Given these entries, repeat exactly the lines starting with the one that has "Geely Cityray — imagine 9" and going on through the one that has "30.08.2026 - Elbe", both included, but none of the pictures.
─── RECORDS FOR THIS TASK ───
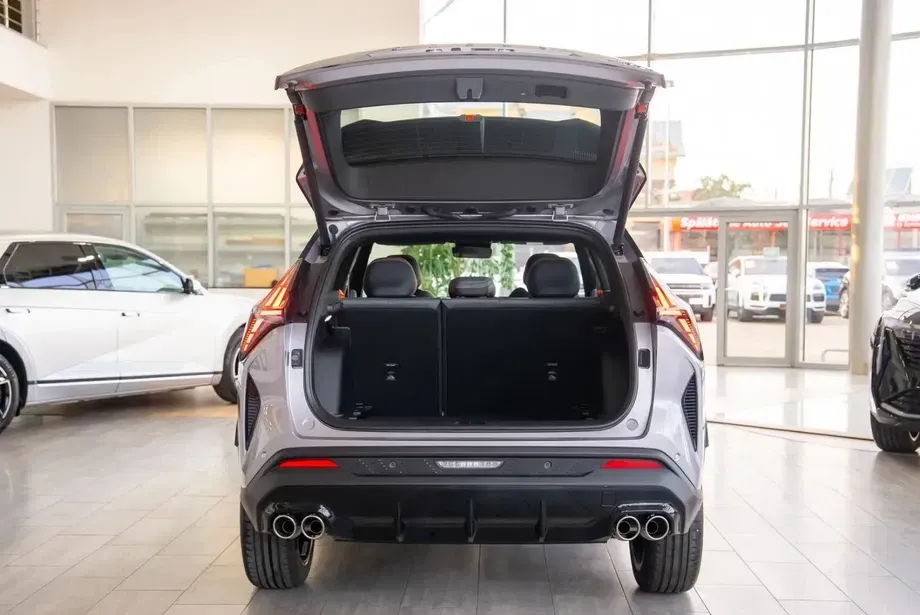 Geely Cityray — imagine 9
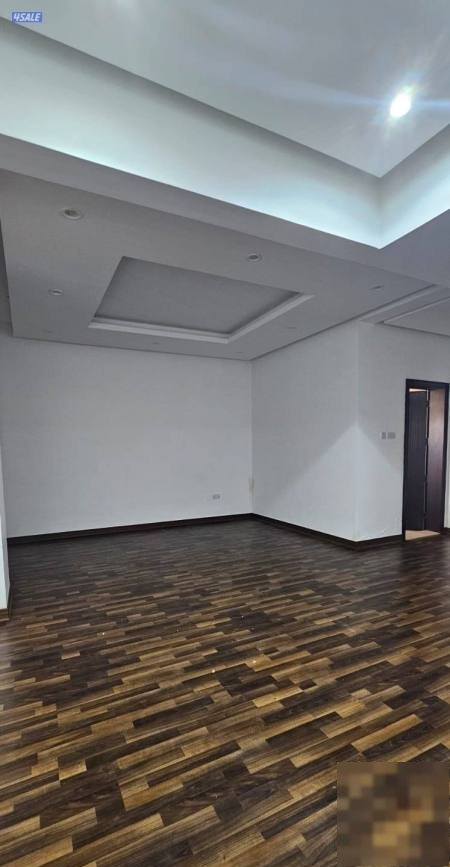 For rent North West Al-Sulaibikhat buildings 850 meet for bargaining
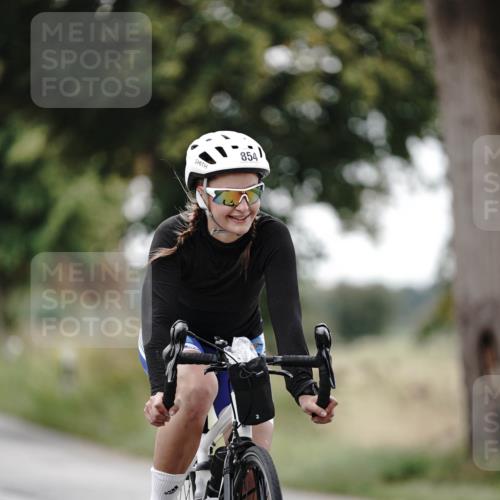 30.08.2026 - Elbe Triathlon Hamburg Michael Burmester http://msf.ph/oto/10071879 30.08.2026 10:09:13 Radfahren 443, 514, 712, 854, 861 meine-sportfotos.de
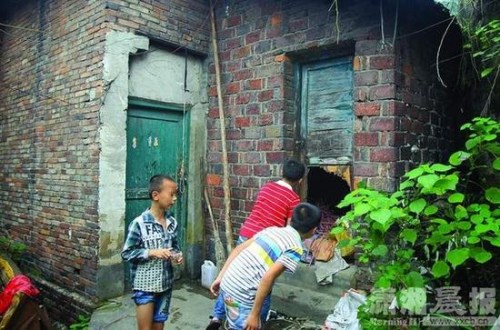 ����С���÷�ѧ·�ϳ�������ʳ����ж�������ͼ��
───
─── RECORDS FOR THIS TASK ───
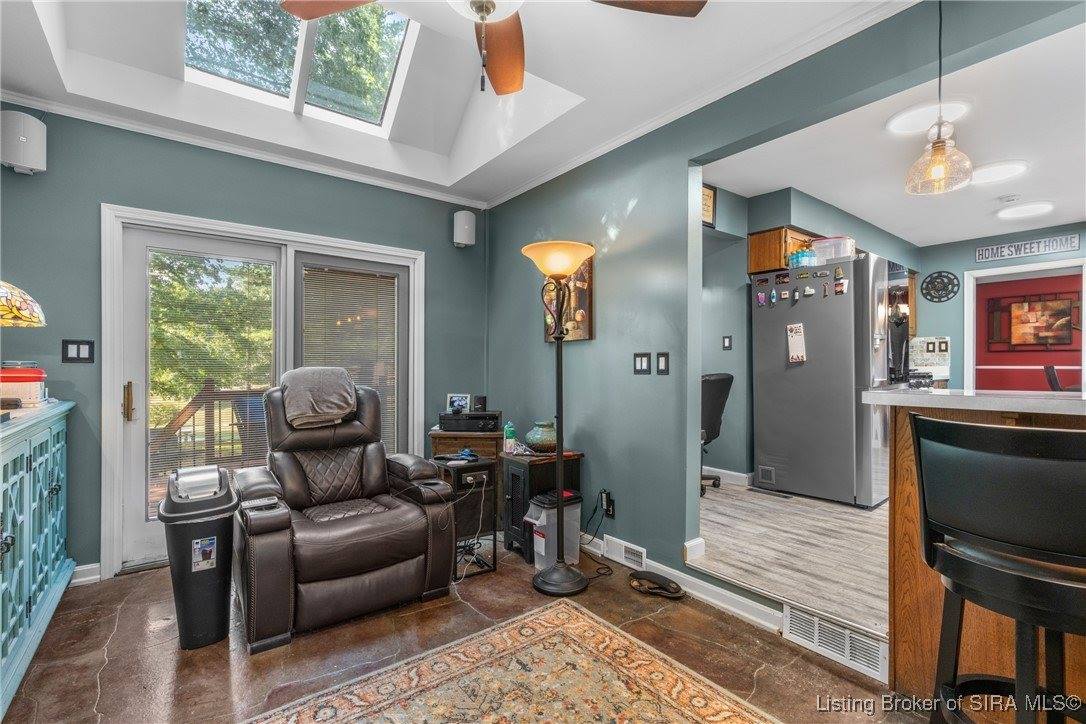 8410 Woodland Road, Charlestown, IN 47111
───
─── RECORDS FOR THIS TASK ───
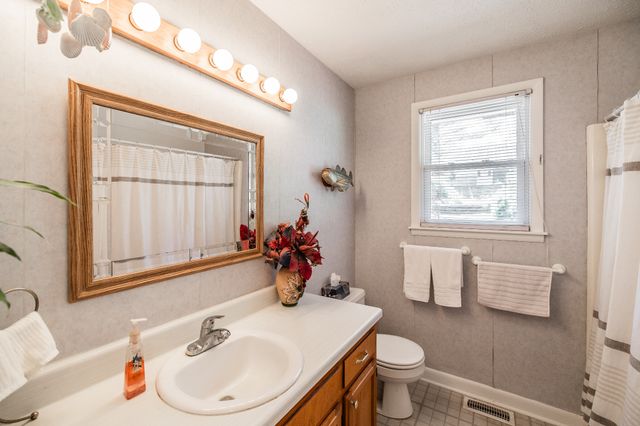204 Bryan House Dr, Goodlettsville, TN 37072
───
__YOUR SOLUTION__.
 Geely Cityray — imagine 9
 For rent North West Al-Sulaibikhat buildings 850 meet for bargaining
 30.08.2026 - Elbe Triathlon Hamburg Michael Burmester http://msf.ph/oto/10071879 30.08.2026 10:09:13 Radfahren 443, 514, 712, 854, 861 meine-sportfotos.de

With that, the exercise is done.